- **THE PROBLEM**:
Would you transcribe the listing that follows word for word, skipping pictures?

━━━━━ DATA

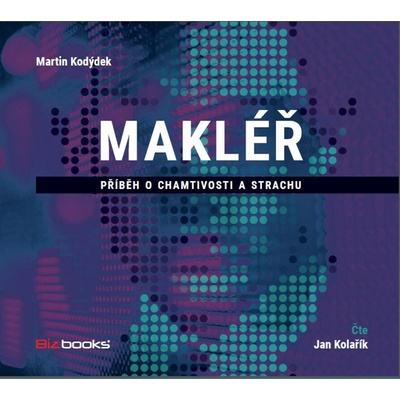 BIZBOOKS - Makléř (audiokniha)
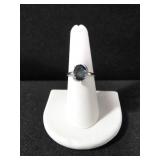 1.88 CT. LAB CREATED MYSTIC SAPPHIRE DINNER RING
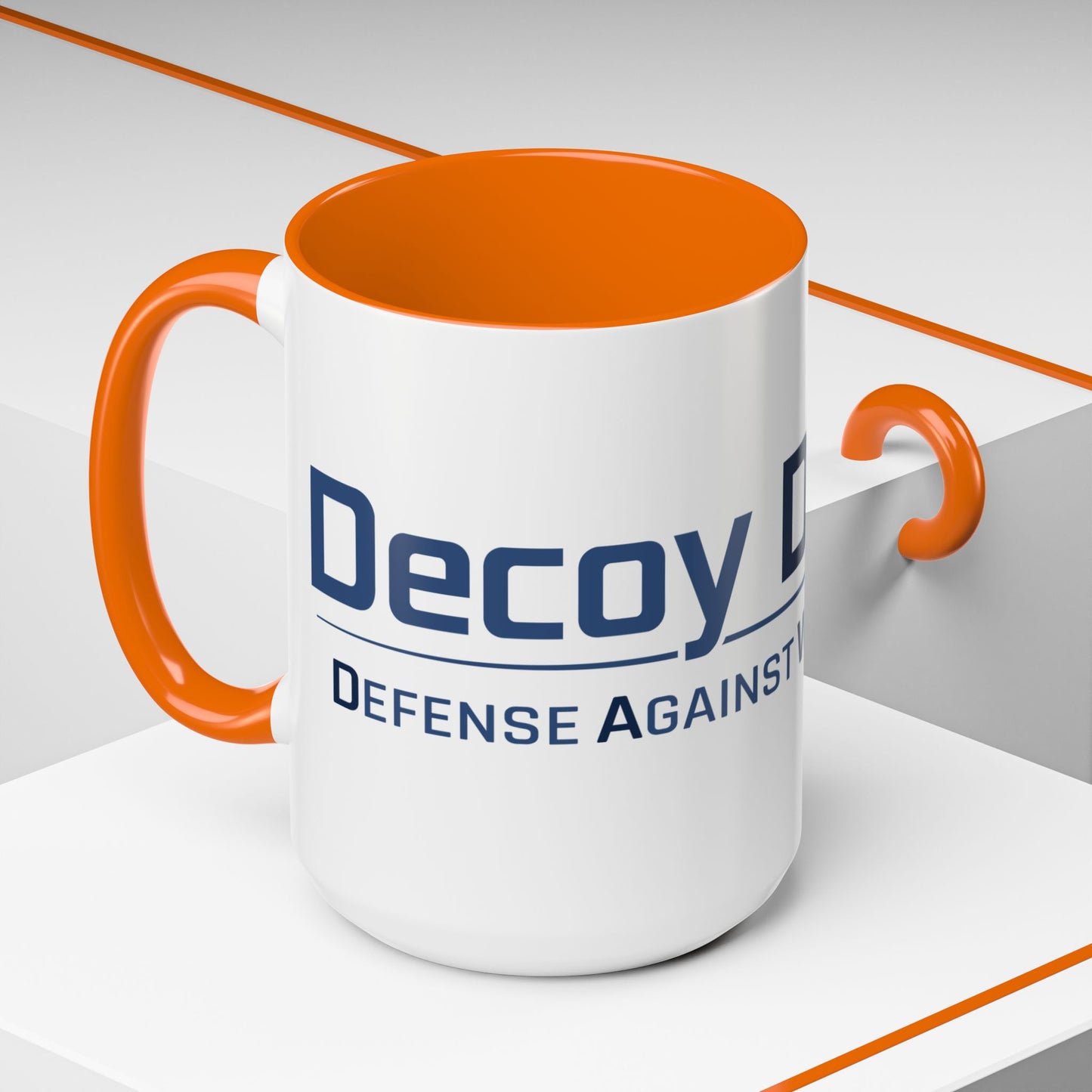 Decoy DAWGs Coffee Mug - 11 oz. & 15 oz.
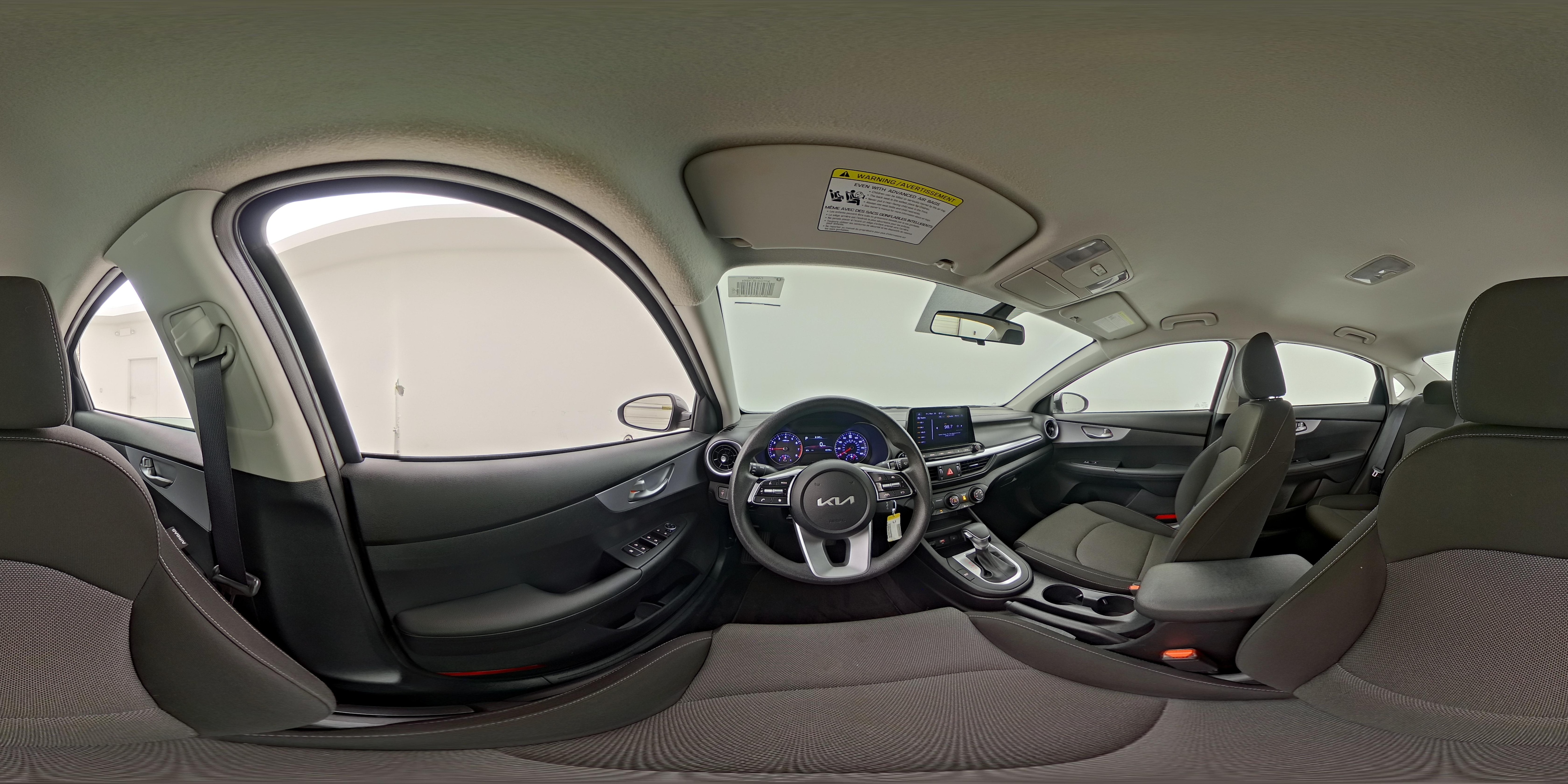 2024 Kia Forte LXS - Photo 26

━━━━━━━━━━

- **WRITTEN SOLUTION**:
 BIZBOOKS - Makléř (audiokniha)
 1.88 CT. LAB CREATED MYSTIC SAPPHIRE DINNER RING
 Decoy DAWGs Coffee Mug - 11 oz. & 15 oz.
 2024 Kia Forte LXS - Photo 26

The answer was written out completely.